James Slaugh testified about watching his sister, Charlene, bleed on the nightclub floor after a bullet ripped through her right arm. “My heart melted as she tried to dial 911 with her good arm. I called out to her and I heard no response," he said. The siblings were there to celebrate Transgender Day of Remembrance before several pops rang out in between the pounding club music. James Slaugh also was among those shot.
Wednesday's testimony to the House Oversight Committee came as lawmakers race to finish their work for the year. To the frustration of many Democrats, the year-end agenda doesn’t include legislation to ban semiautomatic firearms due to firm Republican opposition.
The House passed legislation in July that would ban assault weapons for the first time since 2004, but it failed to pass in the Senate. Republicans dismiss the bill as an attack on Second Amendment rights.
Wednesday’s hearing also came on the 10-year anniversary of the mass shooting at an elementary school in Newtown, Connecticut, that took the lives of 20 students and six teachers. Mass shootings haven't abated since then, with another deadly attack at a school occurring just this summer in Uvalde, Texas.

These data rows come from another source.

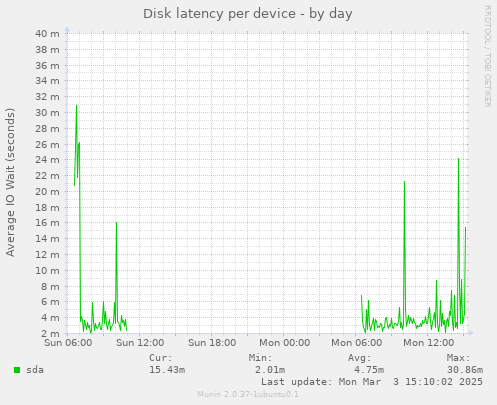 Disk latency per device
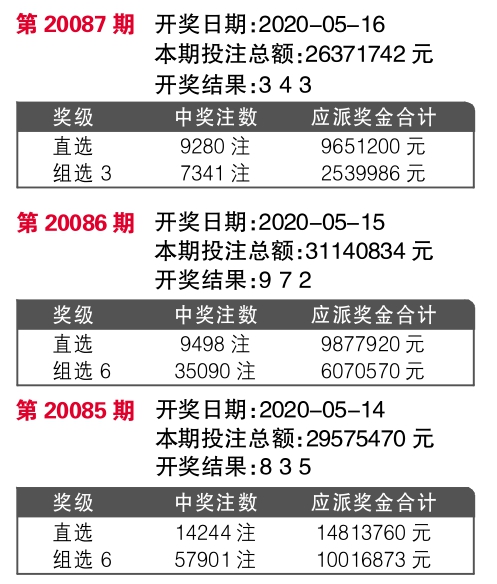 7777788888王中王开奖记录,数据整合执行设计_粉丝款43.634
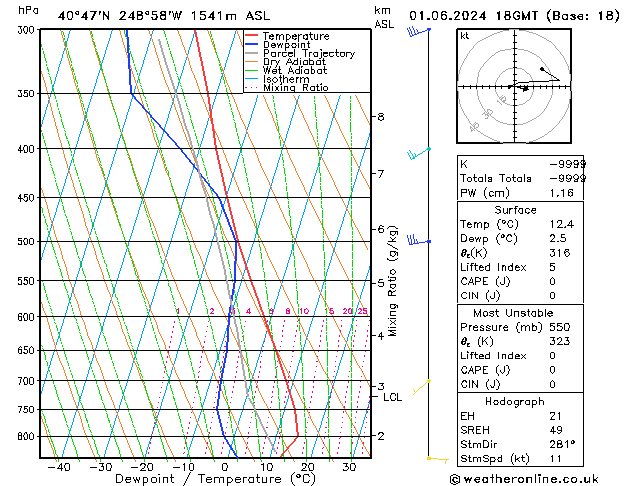 Model temps GFS 星期六 01.06.2024 18 UTC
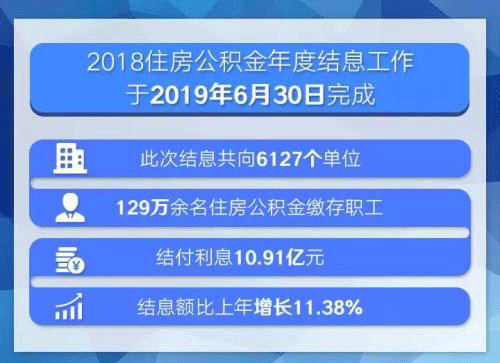 国管公积金官网_国管公积金官网查询320文件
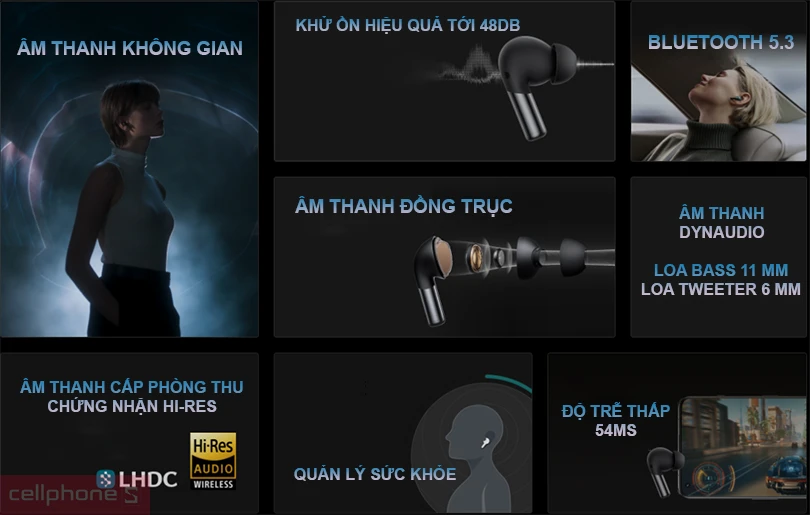 Đánh giá tai nghe không dây OnePlus Buds Pro 2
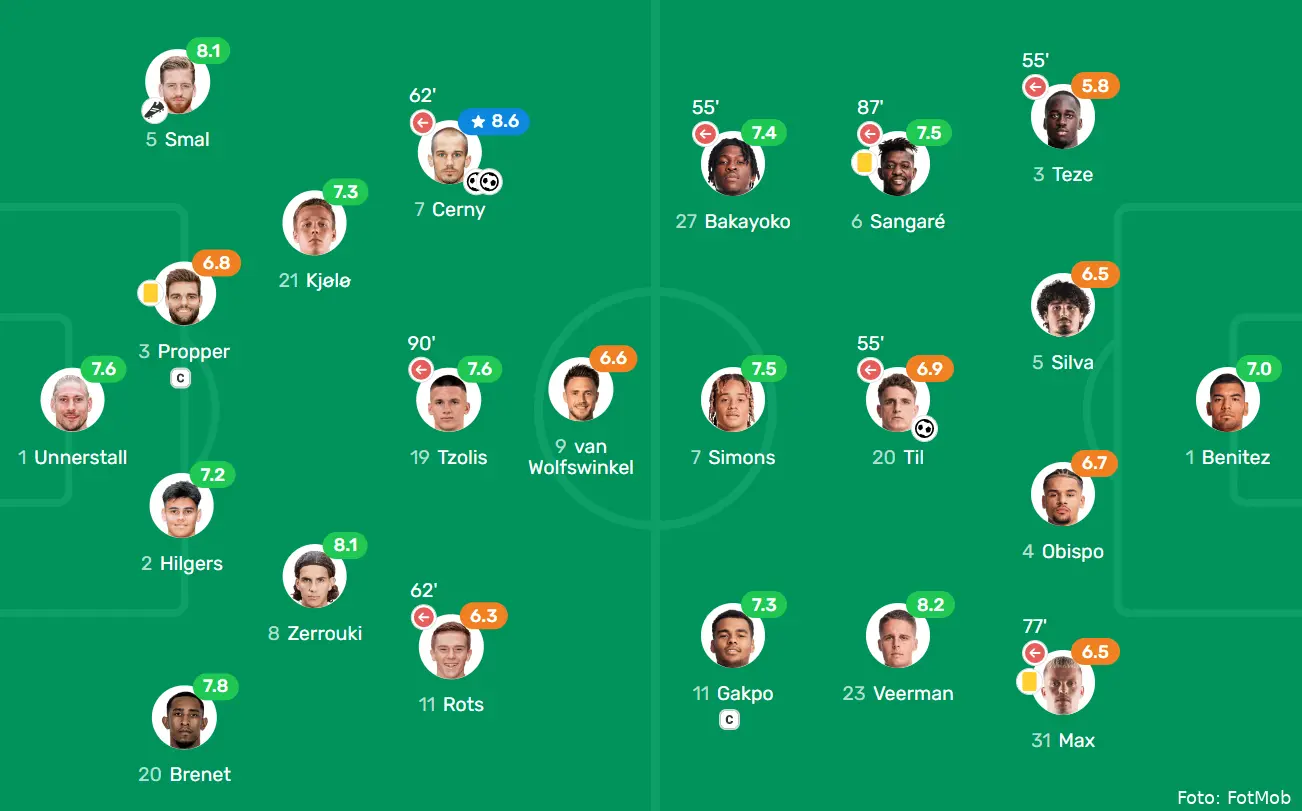 cijfers fc twente psv 3 september 2022 fotmob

In the weeks after the attack in Texas and a grocery store shooting in Buffalo, New York, Congress made its most far-reaching response in decades to the nation's run of brutal mass shootings by passing a package of bills that would toughen background checks for the youngest gun buyers and keep firearms from more domestic violence offenders, among other things.
But Democrats, including President Joe Biden, say far more action on guns is needed, particularly given that mass shootings frequently target specific ethnic groups and religions.
Rep. Carolyn Maloney, D-N.Y., the chairwoman of the Oversight committee, said the hearing Wednesday was meant to show that violence against LGBTQ people does not happen in a vacuum.
“The attack on Club Q — and the LGBTQI+ community — is not an isolated incident, but part of a broader trend of violence and intimidation across the country,” Maloney said. She pointed to the hundreds of anti-LGBTQ bills passed in statehouses across the U.S. since 2018.
Matthew Haynes, the founding owner of Club Q, said the political rhetoric targeting the LGBTQI+ community can have deadly consequences due to the availability of semiautomatic weapons.
“We were lucky that night that the casualties were not much higher," Haynes said.
Haynes, who is gay, was among the thousands of people who gathered Tuesday at the White House to watch Biden sign historic legislation protecting same-sex marriages.
“It was honestly the first joy and pride I have felt since the horrific shooting at Club Q,” Haynes said. But he criticized the 169 Republicans in the House who voted against the legislation.
“To the members of this committee I humbly ask, are LGBTQ people not part of your constituency?” he asked the panel. “Do you not represent us? While we wait for you to answer, we are being slaughtered and dehumanized across this country, in communities you took oaths to protect. LGBTQ issues are not political issues.”
In his opening statement, Rep, James Comer of Kentucky, the committee's top Republican, said Republicans condemn all violence and hate, including the recent attack in Colorado.
But Comer accused Maloney and other Democrats on the panel of using the mass shooting at Club Q as a political tool to attack Republicans across the aisle, instead of focusing on rising crime.